Pick your spot
Among the most obvious advantages of an office job is the office -- that is, a dedicated space where the work gets done. Freelancers are responsible for figuring this space out for themselves, whether at home, a café, a library, in a plane, on a train, with a fox, in a box, etc.
One of the key advantages of freelancing is escaping the mind-deadening labyrinth of cubicle walls and beige carpets, but once you’ve escaped there’s no secret formula for discovering your ideal, productivity-maximizing alternative workspace. Everyone’s preferences are different, and finding what works for you might take a little trial and error.
“I love variety,” says Robert Evans, a writer & editor at the humor site Cracked, who constantly refreshes his surroundings with travel to stay creatively stimulated. “I've worked from the tops of mountains, villages in rural India, hostels and bars around Europe, two active war zones, plus planes, trains, and automobiles,” he says. “And of course my home office and the Cracked office.

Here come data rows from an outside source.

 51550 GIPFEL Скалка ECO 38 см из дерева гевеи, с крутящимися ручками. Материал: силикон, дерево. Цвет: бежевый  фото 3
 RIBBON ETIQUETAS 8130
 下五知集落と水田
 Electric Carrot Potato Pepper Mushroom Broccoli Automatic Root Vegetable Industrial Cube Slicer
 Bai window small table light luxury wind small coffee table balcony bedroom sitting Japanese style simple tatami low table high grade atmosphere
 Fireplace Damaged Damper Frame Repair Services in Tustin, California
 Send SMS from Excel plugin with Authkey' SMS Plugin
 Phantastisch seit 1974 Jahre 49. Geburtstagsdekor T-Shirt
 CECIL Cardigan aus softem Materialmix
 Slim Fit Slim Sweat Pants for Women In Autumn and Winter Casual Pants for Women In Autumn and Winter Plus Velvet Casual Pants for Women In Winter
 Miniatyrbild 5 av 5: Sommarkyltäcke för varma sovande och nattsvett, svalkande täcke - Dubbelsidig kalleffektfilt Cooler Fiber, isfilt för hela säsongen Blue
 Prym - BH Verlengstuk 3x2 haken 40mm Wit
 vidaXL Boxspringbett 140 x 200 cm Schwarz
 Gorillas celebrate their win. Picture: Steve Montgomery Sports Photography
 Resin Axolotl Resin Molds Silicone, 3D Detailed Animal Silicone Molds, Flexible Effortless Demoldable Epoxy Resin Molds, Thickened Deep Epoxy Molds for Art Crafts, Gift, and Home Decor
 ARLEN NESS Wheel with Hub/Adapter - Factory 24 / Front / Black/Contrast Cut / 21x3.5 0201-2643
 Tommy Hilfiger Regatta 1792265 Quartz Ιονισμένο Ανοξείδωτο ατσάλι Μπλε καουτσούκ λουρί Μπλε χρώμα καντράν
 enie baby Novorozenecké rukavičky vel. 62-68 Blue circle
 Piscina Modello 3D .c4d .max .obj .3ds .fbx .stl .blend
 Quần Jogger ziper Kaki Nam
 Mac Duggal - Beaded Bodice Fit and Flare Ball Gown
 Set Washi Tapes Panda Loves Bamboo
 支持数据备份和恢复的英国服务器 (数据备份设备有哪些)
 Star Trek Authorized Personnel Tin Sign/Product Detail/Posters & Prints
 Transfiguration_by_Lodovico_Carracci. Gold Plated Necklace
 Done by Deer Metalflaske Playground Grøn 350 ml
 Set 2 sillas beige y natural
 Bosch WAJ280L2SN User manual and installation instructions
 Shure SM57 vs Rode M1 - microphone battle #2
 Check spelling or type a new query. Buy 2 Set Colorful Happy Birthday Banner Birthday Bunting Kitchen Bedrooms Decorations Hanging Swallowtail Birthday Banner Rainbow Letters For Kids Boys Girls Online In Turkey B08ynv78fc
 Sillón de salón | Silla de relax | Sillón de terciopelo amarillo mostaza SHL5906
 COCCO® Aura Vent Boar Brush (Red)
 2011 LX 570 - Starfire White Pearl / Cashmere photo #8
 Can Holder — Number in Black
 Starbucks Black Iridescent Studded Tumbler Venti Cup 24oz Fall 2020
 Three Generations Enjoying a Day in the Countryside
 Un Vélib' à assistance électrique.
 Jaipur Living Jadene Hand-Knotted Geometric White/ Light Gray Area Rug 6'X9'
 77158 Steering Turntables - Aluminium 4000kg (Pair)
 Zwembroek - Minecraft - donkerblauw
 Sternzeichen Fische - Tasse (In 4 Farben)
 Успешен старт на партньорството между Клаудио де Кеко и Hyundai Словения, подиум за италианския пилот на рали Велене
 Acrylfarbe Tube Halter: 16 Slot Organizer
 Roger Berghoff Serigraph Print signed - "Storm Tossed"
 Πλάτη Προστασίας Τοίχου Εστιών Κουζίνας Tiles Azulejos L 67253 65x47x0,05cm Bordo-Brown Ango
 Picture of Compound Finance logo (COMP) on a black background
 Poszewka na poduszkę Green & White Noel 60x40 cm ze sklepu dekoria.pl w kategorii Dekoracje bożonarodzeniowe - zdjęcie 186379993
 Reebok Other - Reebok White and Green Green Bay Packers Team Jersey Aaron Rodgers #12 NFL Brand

I prefer variety to any one place.”
Evans began his freelance career at 20 after leaving a job as an aid in a special education classroom, which -- while objectively a noble and rewarding calling -- included a trying amount of “being punched in the face.” With a desire to write, but no formal training or specific career goals, Evans applied for an unpaid internship with Cracked, writing articles for the online magazine and any other publisher he could find. He landed a full-time contract gig with a tech news site until his toehold at Cracked turned into a stepping stone.
“Eventually Cracked started paying me to freelance,” says Evans. “That gradually evolved into a full-time freelancing gig. Then they hired me on salary.” Now the editorial manager of the site’s personal experience article team, he still finds time to write his own material for the site and freelance elsewhere on his own time.
But not all writing thrives under such stimulating conditions. For freelance comics writer Ryan Cady, whose body of work includes books for Image Comics and Archie, seclusion is a necessity, at least in the beginning.
“I have a really terrible attention span, so I have to get super disciplined,” says Cady. “I can't write first drafts or full scripts at a busy place like a coffee shop or a park -- I have to do it at home, usually in the kitchen when everyone else is asleep.”
Once the structure is laid in seclusion, ensconcing himself in a bit more of a vibe becomes essential to drawing the outer character of his stories.
“When it comes to rewrites and edits, though, I love to find a Starbucks and let the background noise and people watching eat up my leftover attention while I focus on the work.”